** Material provided follows **

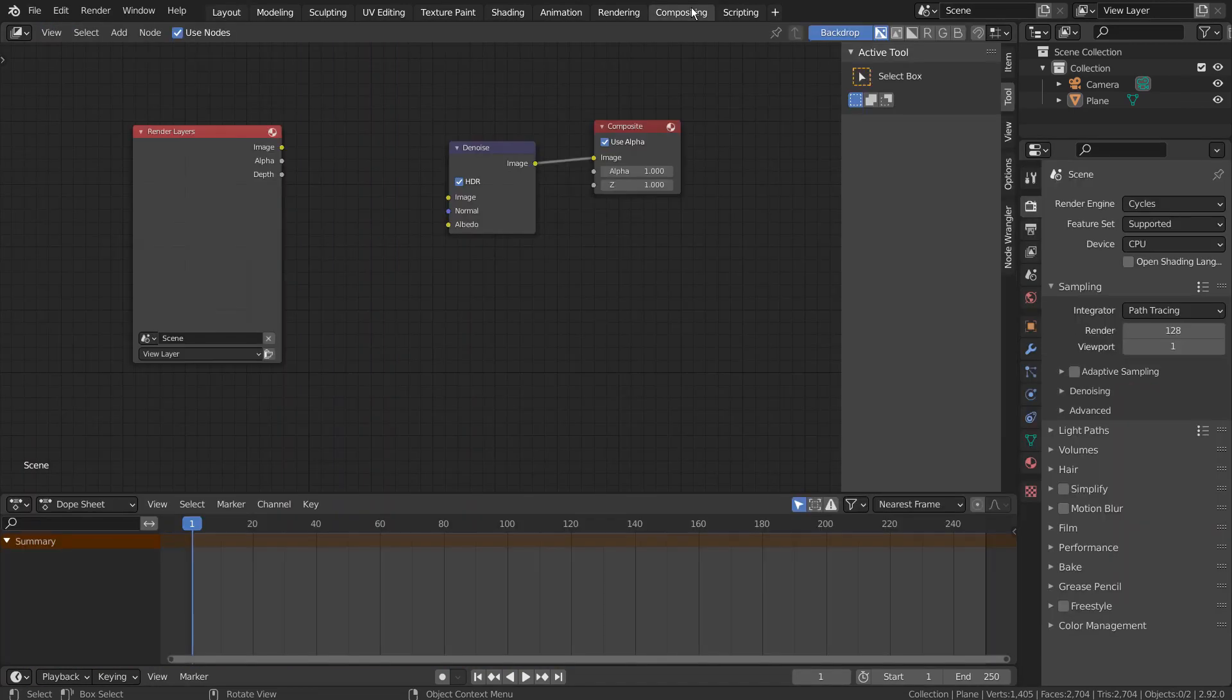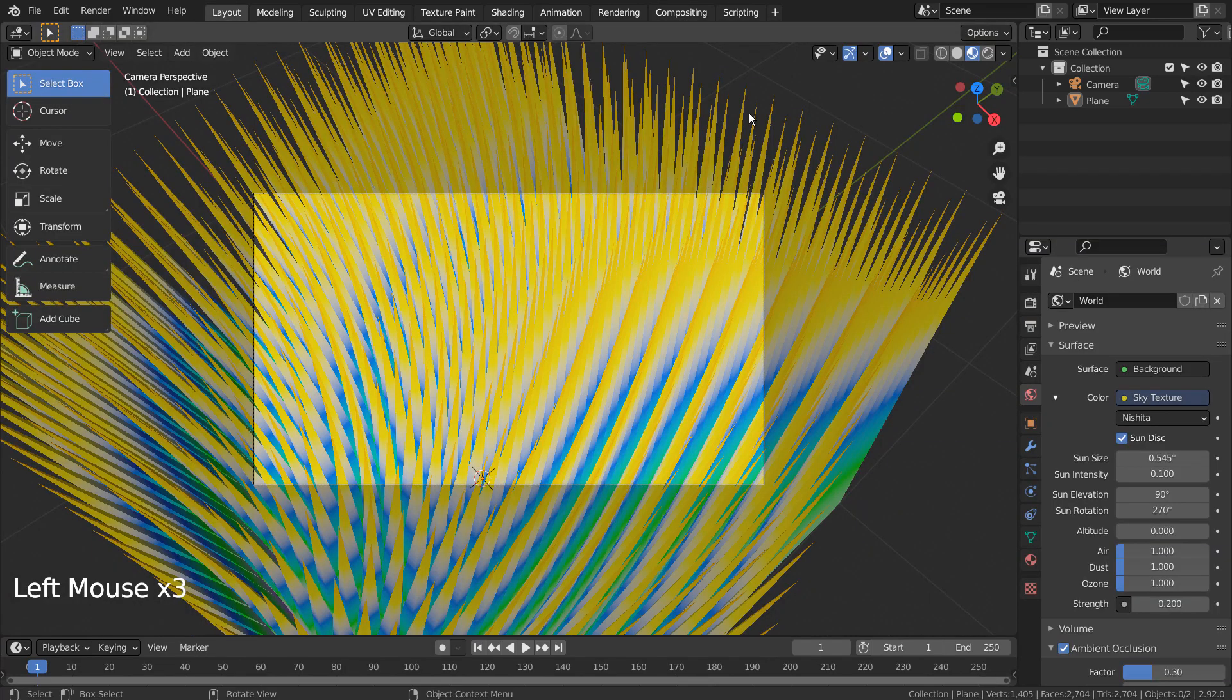Let's turn off Use Nodes under Compositing. I'll also use 32 samples to render.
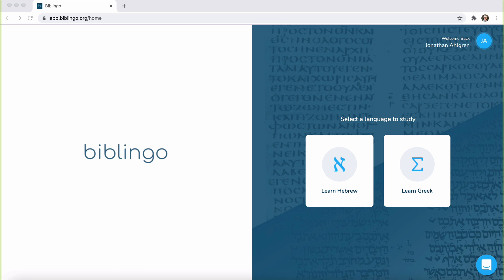I would like to thank the guys and gals at Biblingo for providing me this free review copy that I could go through and get some experience with their tool, their app, Biblingo, so that I can give you this quick review. Similar to Aleph with Beth, Biblingo, while different in many ways, uses the living language approach to learning Greek and Hebrew.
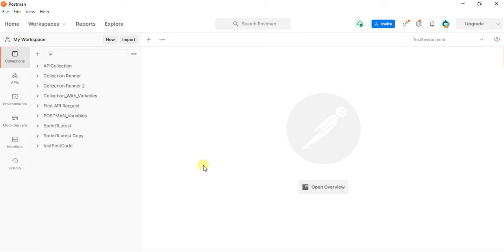In this video tutorial, I am going to show you how to create a quick script using Postman. Scripting in Postman — scripts in Postman.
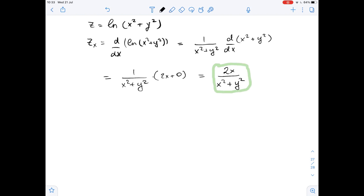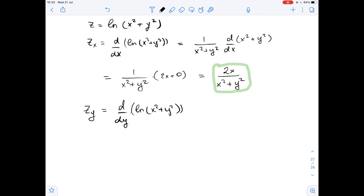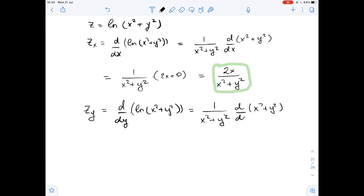Now let's find the first partial derivative with respect to y. It equals the derivative of ln(x² + y²) with respect to y. Again we are using the chain rule, so it equals 1 over (x² + y²) times the derivative of (x² + y²) with respect to y.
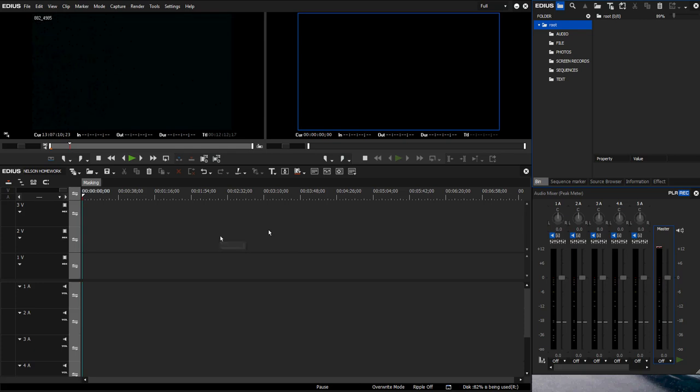So we have EDIUS open and we are going to cut out a person from an image using the mask tool. It's really easy.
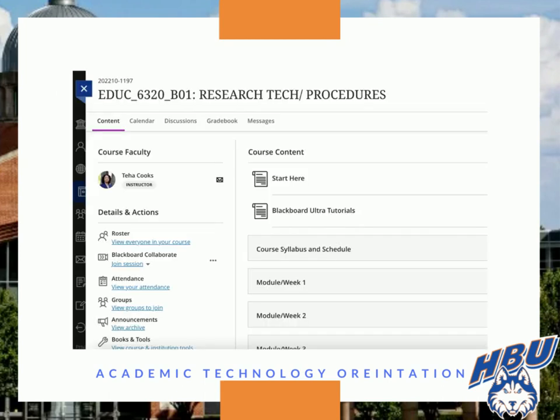The Ultra homepage is more streamlined. The details and action menu on the left side of the screen will be consistent across all your classes in Ultra. Your instructor may organize the course content in a variety of ways, so you will want to take time to familiarize yourself with the organization in each course.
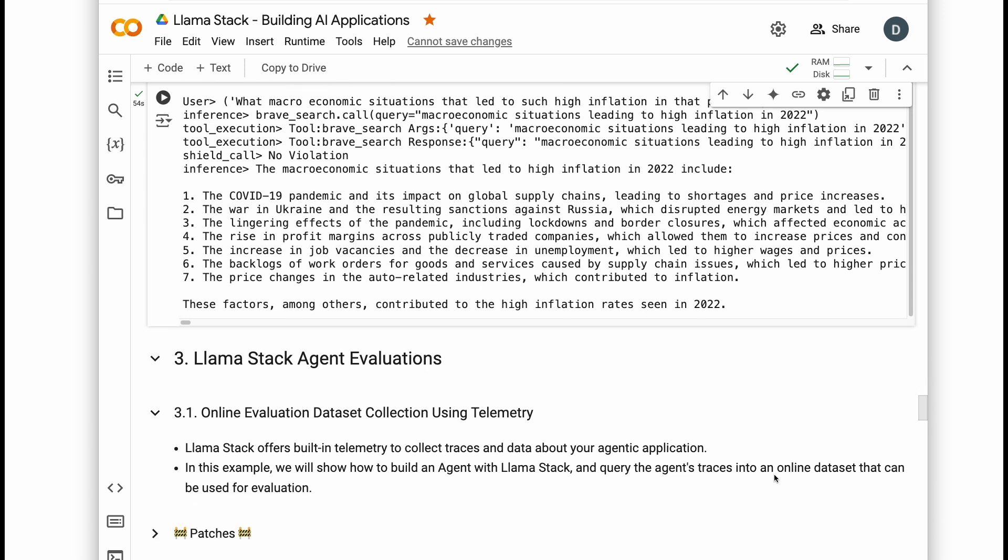We've only scratched the surface of what LlamaStack can do. You can use our evaluations API to optimize your performance, run agents on device with our iOS and Android SDKs, and scale easily with our swappable infrastructure.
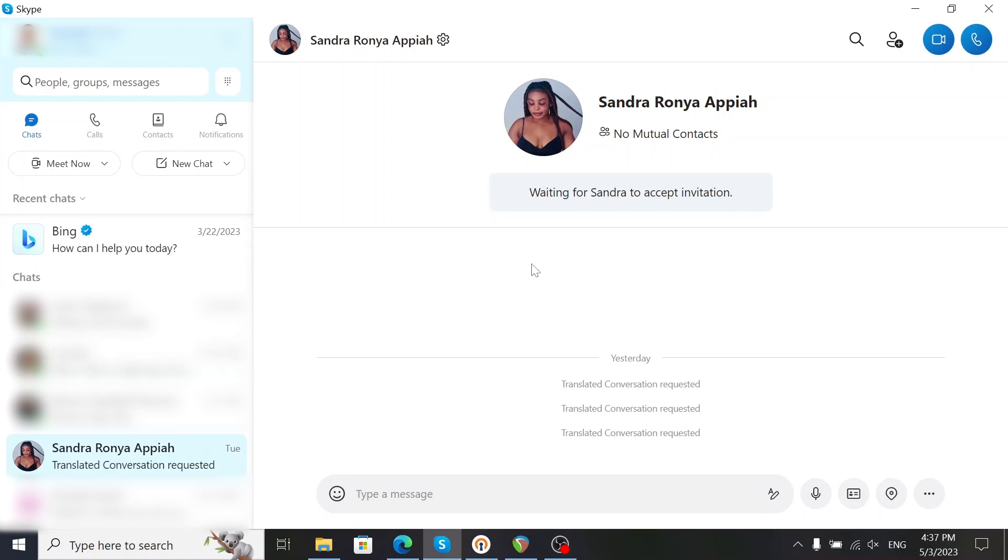As you can see on the screen, this is what the fake looks like. I created a separate Skype account to show you what a genuine request looks like.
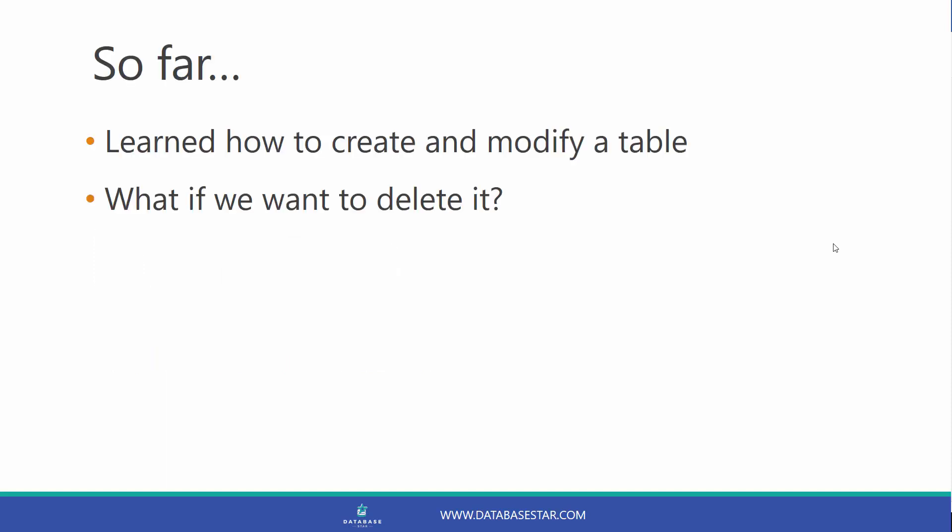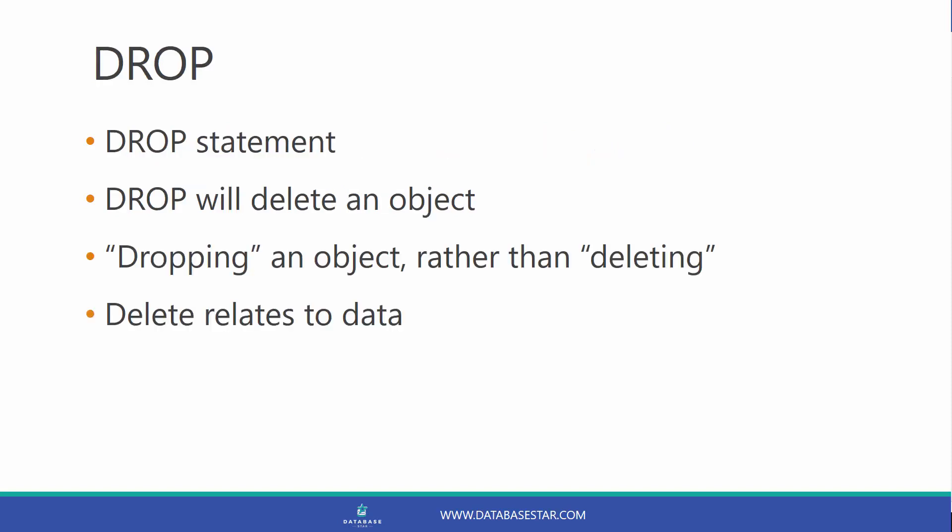So far, we have learned how to create and modify a table. But what if we want to delete it? We can do that in SQL. We do that with the DROP statement.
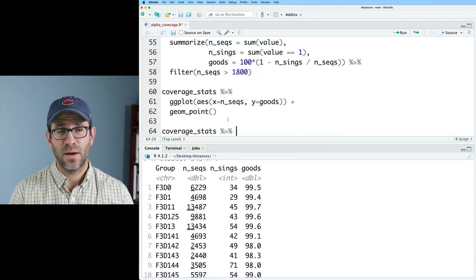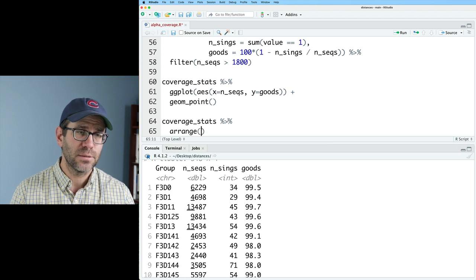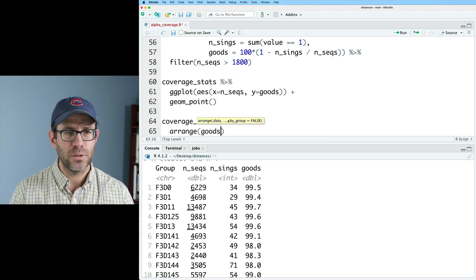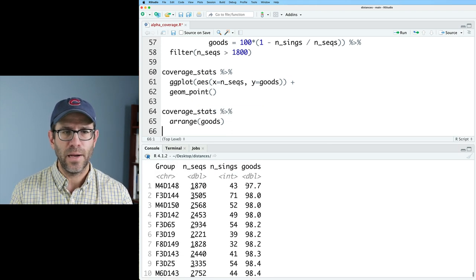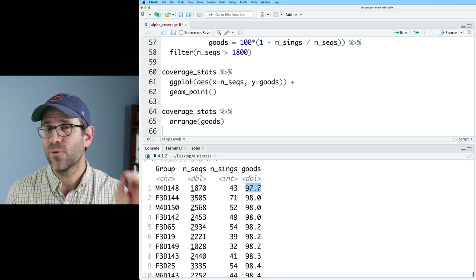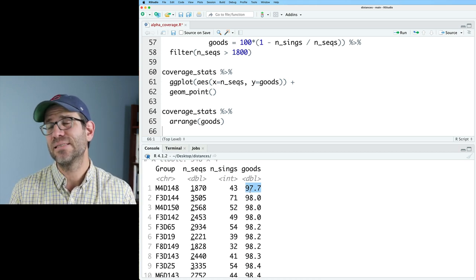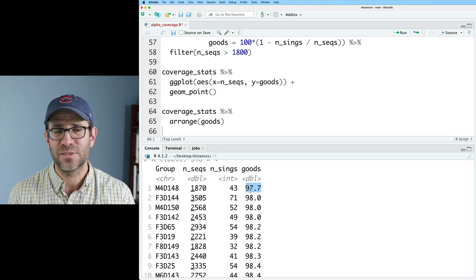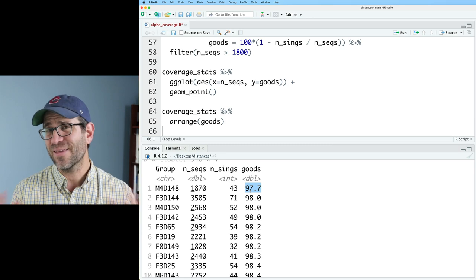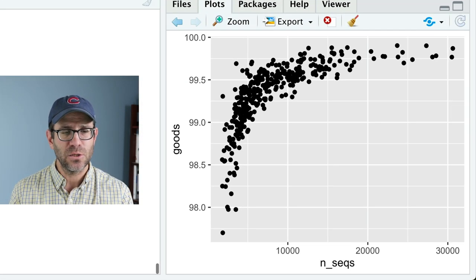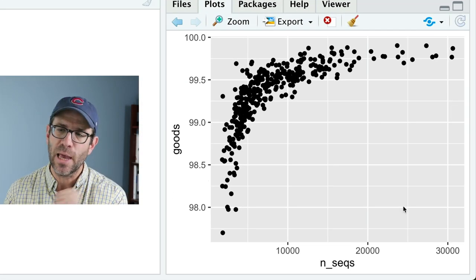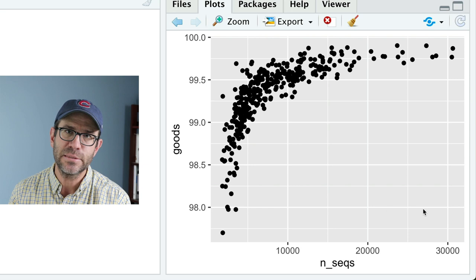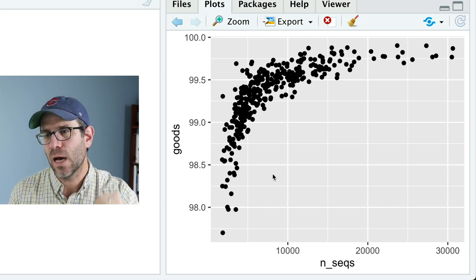And so now we see all of our goods coverage values are over about 97 and a half percent. And so why don't we go ahead and grab this? And I will call this coverage stats. And then we'll take coverage stats and pipe that into here. And again, if we take coverage stats, we can arrange this by goods. And we find, yeah, the lowest coverage if we go to 1800 sequences is 97.7%. I'm really happy with that. I think that's pretty good. And so as we can see, certainly as we add more sequencing depth, our coverage goes up.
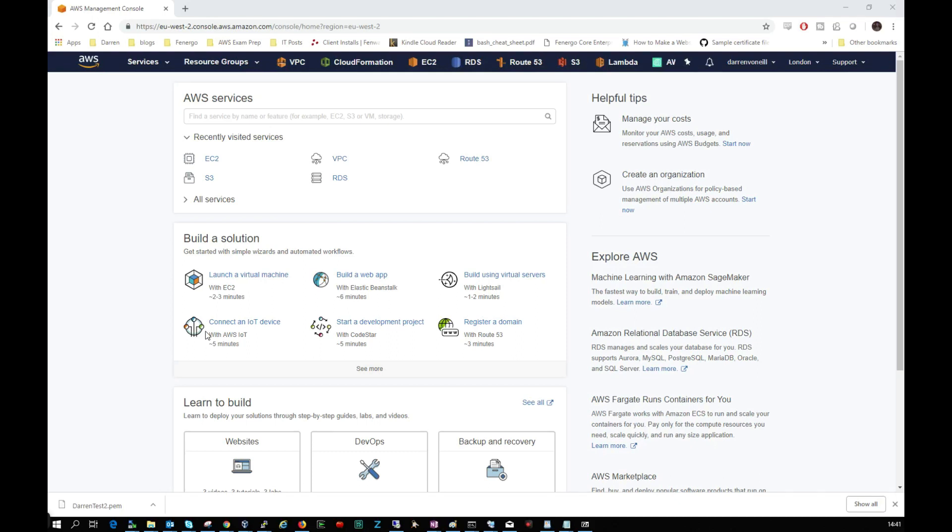Hi there, this is Darren O'Neil from Darren's Tech Tutorials and darroneill.eu. In this short video I'm going to show you how to create a CentOS 7 EC2 instance on AWS. So we're just going to get started here, I'm logged into my AWS console.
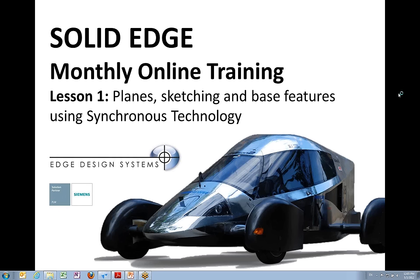Welcome to the first edition of our Solid Edge monthly training. Today we're going to talk about some of the basics of creating and manipulating planes and sketches in Solid Edge with synchronous technology, and then creating those synchronous base features and how to use them. This is being recorded — it'll be posted on our YouTube channel, and those of you that have signed up for this course will receive the training material and the activity files in advance. You'll also be able to give some input as to what you'd like to see in future training sessions.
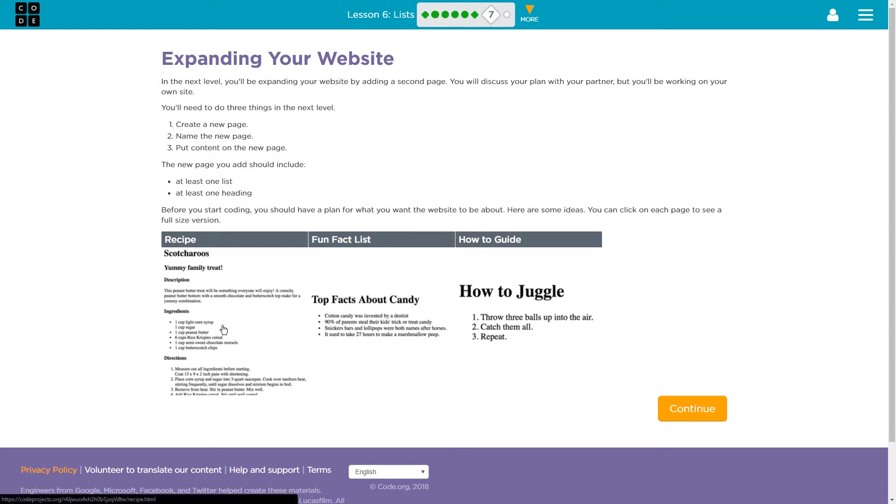So their ideas are yummy family treats, top candy, how to juggle. That sounds difficult.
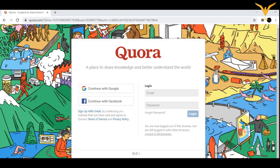If you already have an account, you can log in by adding the email ID and password. If you don't have an account and want to create a fresh new account, you need to sign up. Sign up has two options: either continue with Google or continue with Facebook.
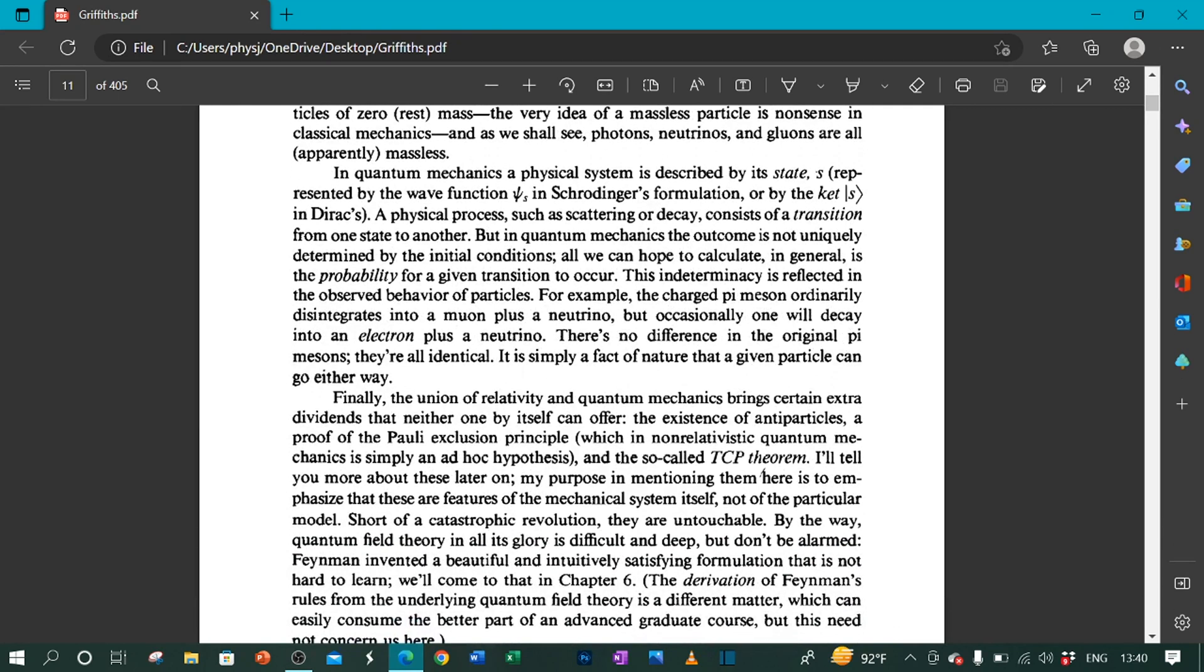This indeterminacy is reflected in the observed behavior of particles. For example, the charged pi meson ordinarily disintegrates into a muon plus a neutrino. But occasionally, one will decay into an electron plus a neutrino. There is no difference in the original pi mesons—they are all identical. It is simply a fact of nature that a given particle can go either way.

** End of Material provided **

▶ [What this task involves]: The records above are to be restated exactly, without their pictures.

▶ [Expected answer]:
Let's turn off Use Nodes under Compositing. I'll also use 32 samples to render.
I would like to thank the guys and gals at Biblingo for providing me this free review copy that I could go through and get some experience with their tool, their app, Biblingo, so that I can give you this quick review. Similar to Aleph with Beth, Biblingo, while different in many ways, uses the living language approach to learning Greek and Hebrew.
In this video tutorial, I am going to show you how to create a quick script using Postman. Scripting in Postman — scripts in Postman.
Now let's find the first partial derivative with respect to y. It equals the derivative of ln(x² + y²) with respect to y. Again we are using the chain rule, so it equals 1 over (x² + y²) times the derivative of (x² + y²) with respect to y.
So we have EDIUS open and we are going to cut out a person from an image using the mask tool. It's really easy.
The Ultra homepage is more streamlined. The details and action menu on the left side of the screen will be consistent across all your classes in Ultra. Your instructor may organize the course content in a variety of ways, so you will want to take time to familiarize yourself with the organization in each course.
We've only scratched the surface of what LlamaStack can do. You can use our evaluations API to optimize your performance, run agents on device with our iOS and Android SDKs, and scale easily with our swappable infrastructure.
As you can see on the screen, this is what the fake looks like. I created a separate Skype account to show you what a genuine request looks like.
So far, we have learned how to create and modify a table. But what if we want to delete it? We can do that in SQL. We do that with the DROP statement.
And so now we see all of our goods coverage values are over about 97 and a half percent. And so why don't we go ahead and grab this? And I will call this coverage stats. And then we'll take coverage stats and pipe that into here. And again, if we take coverage stats, we can arrange this by goods. And we find, yeah, the lowest coverage if we go to 1800 sequences is 97.7%. I'm really happy with that. I think that's pretty good. And so as we can see, certainly as we add more sequencing depth, our coverage goes up.
Hi there, this is Darren O'Neil from Darren's Tech Tutorials and darroneill.eu. In this short video I'm going to show you how to create a CentOS 7 EC2 instance on AWS. So we're just going to get started here, I'm logged into my AWS console.
Welcome to the first edition of our Solid Edge monthly training. Today we're going to talk about some of the basics of creating and manipulating planes and sketches in Solid Edge with synchronous technology, and then creating those synchronous base features and how to use them. This is being recorded — it'll be posted on our YouTube channel, and those of you that have signed up for this course will receive the training material and the activity files in advance. You'll also be able to give some input as to what you'd like to see in future training sessions.
So their ideas are yummy family treats, top candy, how to juggle. That sounds difficult.
If you already have an account, you can log in by adding the email ID and password. If you don't have an account and want to create a fresh new account, you need to sign up. Sign up has two options: either continue with Google or continue with Facebook.
This indeterminacy is reflected in the observed behavior of particles. For example, the charged pi meson ordinarily disintegrates into a muon plus a neutrino. But occasionally, one will decay into an electron plus a neutrino. There is no difference in the original pi mesons—they are all identical. It is simply a fact of nature that a given particle can go either way.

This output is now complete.